Remix.run Logo
QuiEgo 3 hours ago

As someone who works with hardware, hard to repo bugs can take months to track down. Your code, the compiler, or the hardware itself (which is often a complex ball of IP from dozens of manufacturers held together with a NoC) could all be a problem. The extra fun bugs are when a bug is due to problems in two or three of them combining together in the perfect storm to make a mega bug that is impossible to reproduce in isolation.

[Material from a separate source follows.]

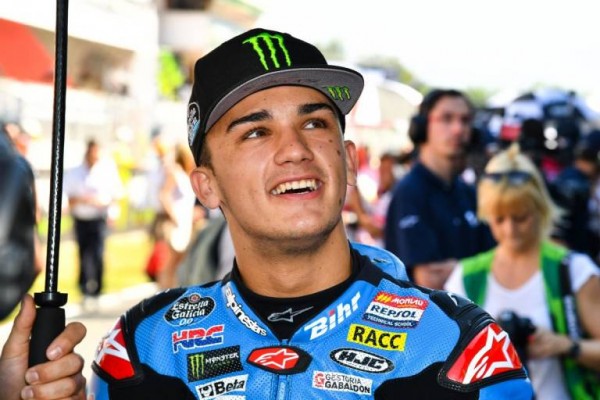Arón Canet, hospitalizado tras sufrir un accidente de coche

QuiEgo 3 hours ago | parent [-]

Random example: I once worked on a debug where you were not allowed to send zero length packets due to a known HW bug. Okay fine, work around in SW. Turns out there was an HW eviction timer that was disabled. It was connected to a counter that counted sys clk ticks. Turns out it was not disabled entirely properly due to SW bug, so once every 2^32 ticks, it would trigger an evection, and if the queue happened to be empty, it would send a ZLP, which triggered the first bug (hard hang the system in a way that breaks the debugger). There were dozens of ways that could hard hang the system, this was just one. Good luck debugging that in two days.

jeffreygoesto 2 hours ago | parent [-]

We had one where data, interpreted as address (simple C typo before static analysis was common) fell into an unmapped memory region and the PCI controller stalled trying to get a response, thereby also halting the internal debugging logic and JTAG just stopped forever (PPC603 core). Each time you'd hit the bug, the debugger was thrown off.